The amino acid alignment analysis showed a high conservation level of SLC30A10 at the p.(leu89Pro) region among humans, mice, rats, horses, bovines, gorillas, cats, and brown rats. An in vitro experiment observed that the Leu89Pro mutation completely disrupts the transportation of SLC30A10 to the cell membrane [24]. Additionally, a study suggested that polar or charged residues present in the transmembrane domains of SLC30A10 play a functional role in the transport of manganese [25].

It is important to emphasize that chelation therapy has demonstrated successful normalization of Mn blood levels in patients with HMNDYT1 and has led to significant clinical improvement in this potentially life-threatening condition [12,17]. However, early detection and diagnosis are crucial to intervene before the disease progresses and a patient’s health deteriorates.

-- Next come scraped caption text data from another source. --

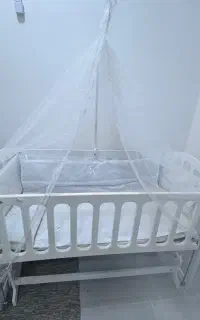 تخت کنار مادر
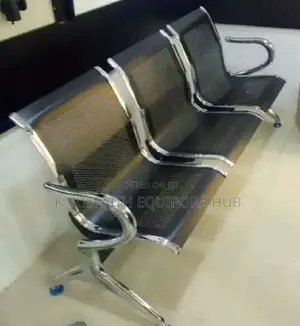 Three Sitters Airport Chair
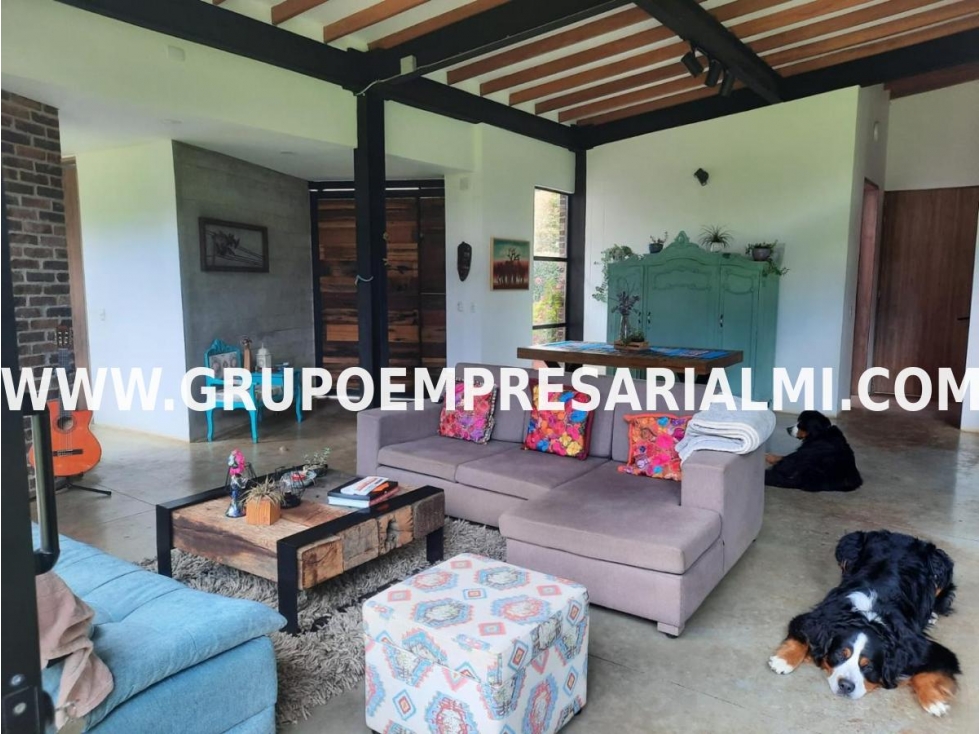 ESPECTACULAR CASA EN VENTA - VEREDA SANTA ELENA COD: 29724 — foto 3
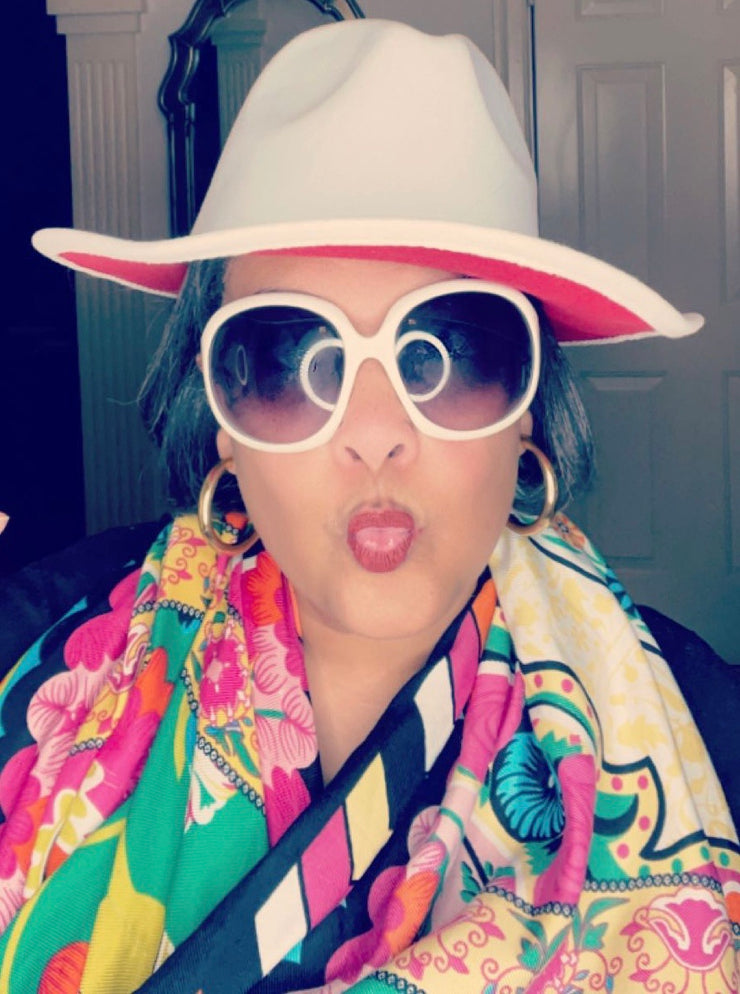 Woman of Distinction Fedora (White/Red)
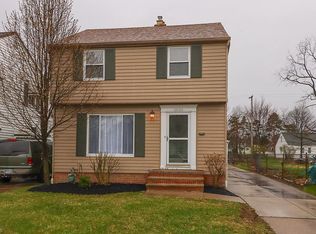 2825 Parklane Dr, Parma, OH 44134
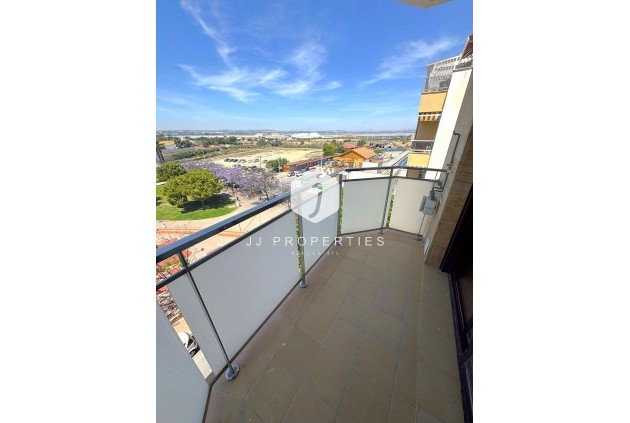Tweedehands - Appartement / flat -
Torrevieja - Centro - Muelle Pesquero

Whole exome sequencing (WES) is recommended for individuals presenting with neurological or hepatic symptoms, as well as those with polycythemia and hypermanganesemia.

While filtering strategies and in silico prediction tools can help assess variant pathogenicity, extensive comprehension of pathological and functional consequences can be challenging. In this study, certain limitations may have impacted the confirmation of disease-causing effects for the identified variants. Further investigation utilizing functional studies, including in vitro and in vivo analysis of the variant in model organisms, is necessary to validate the pathogenic effects of the identified variant.

5. Conclusions

In conclusion, our study focused on the clinical and genetic analysis of a Saudi family with two affected individuals diagnosed with HMNDYT1. We successfully identified a recurrent pathogenic variant (c.266T>C) in the SLC30A10 gene as a cause for this disease. Early detection and treatment of HMNDYT1 are crucial as the condition can lead to severe brain and liver damage. A previously performed brain MRI helped determine the accumulation of iron and/or manganese in the globus pallidus. Monitoring the levels of manganese (Mn) and iron is essential due to the chemical and structural similarities between these elements, as they compete for the same serum binding protein (transferrin) and membrane transporter protein (DMT1).